Problem to solve: When you find the line with "Eladó garázs Pécs 15 nm" among the records below, reproduce it and each line after it exactly, ending with the line with "从网路迷因逐渐发展为反印度政府势力的「蟑螂人民党」（Cockroach Janta P…".

Records for the exercise:
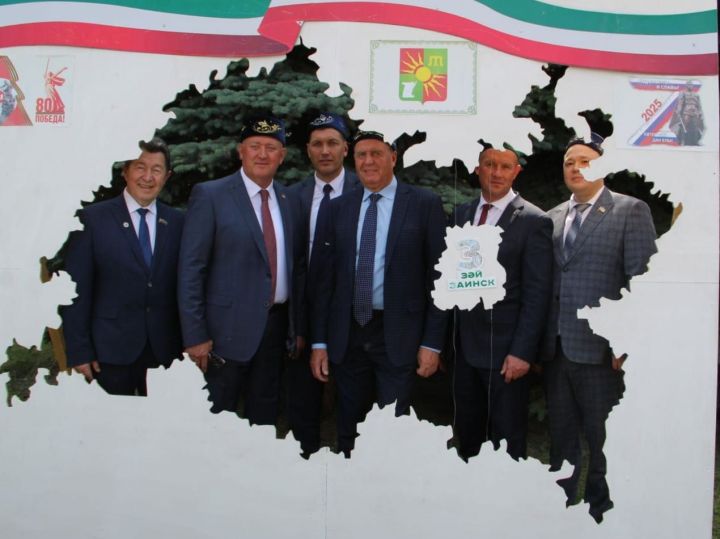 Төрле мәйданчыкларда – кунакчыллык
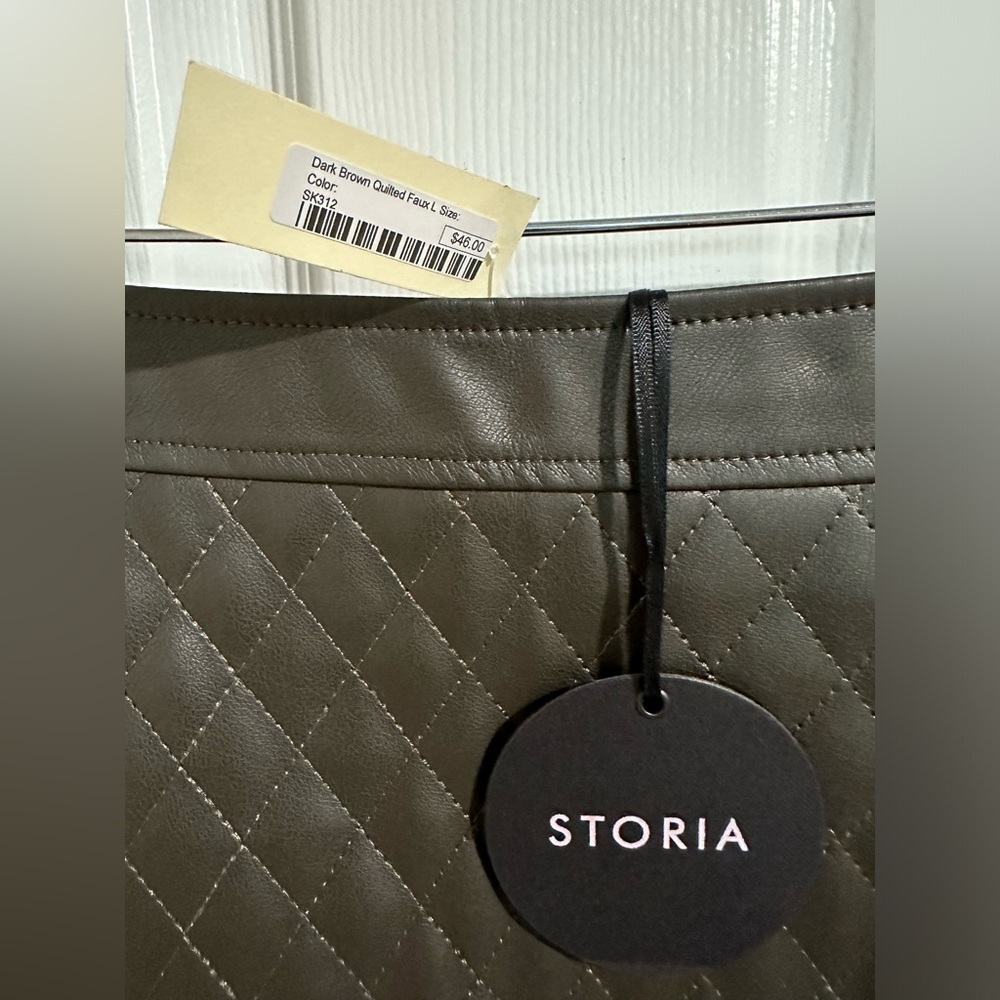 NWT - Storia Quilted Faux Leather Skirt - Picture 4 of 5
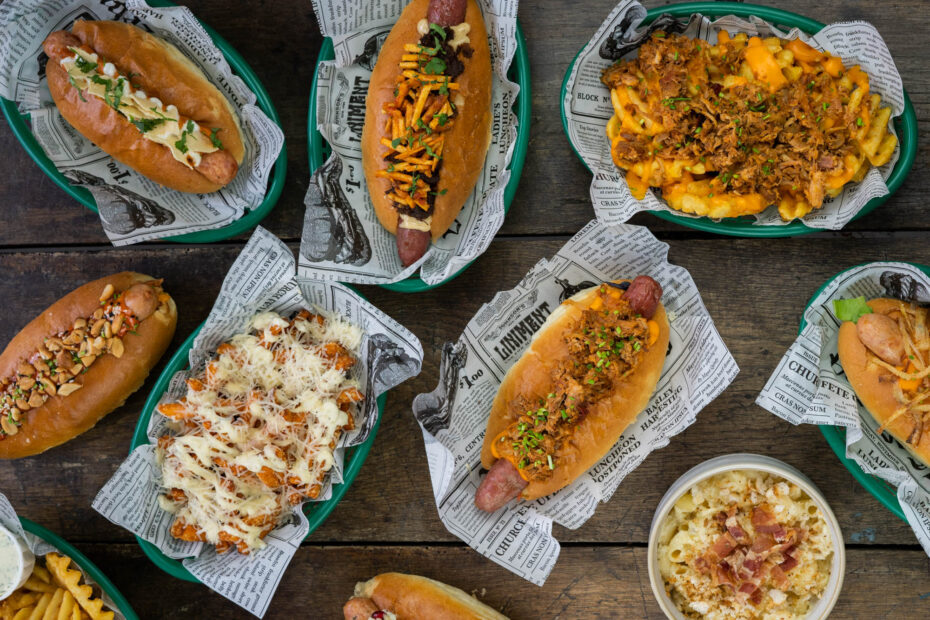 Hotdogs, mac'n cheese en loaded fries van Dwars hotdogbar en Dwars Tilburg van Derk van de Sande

---

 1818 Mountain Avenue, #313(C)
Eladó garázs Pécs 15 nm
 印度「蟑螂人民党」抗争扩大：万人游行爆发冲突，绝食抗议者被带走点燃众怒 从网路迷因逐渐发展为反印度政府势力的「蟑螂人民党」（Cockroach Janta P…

Your solution:
Eladó garázs Pécs 15 nm
 印度「蟑螂人民党」抗争扩大：万人游行爆发冲突，绝食抗议者被带走点燃众怒 从网路迷因逐渐发展为反印度政府势力的「蟑螂人民党」（Cockroach Janta P…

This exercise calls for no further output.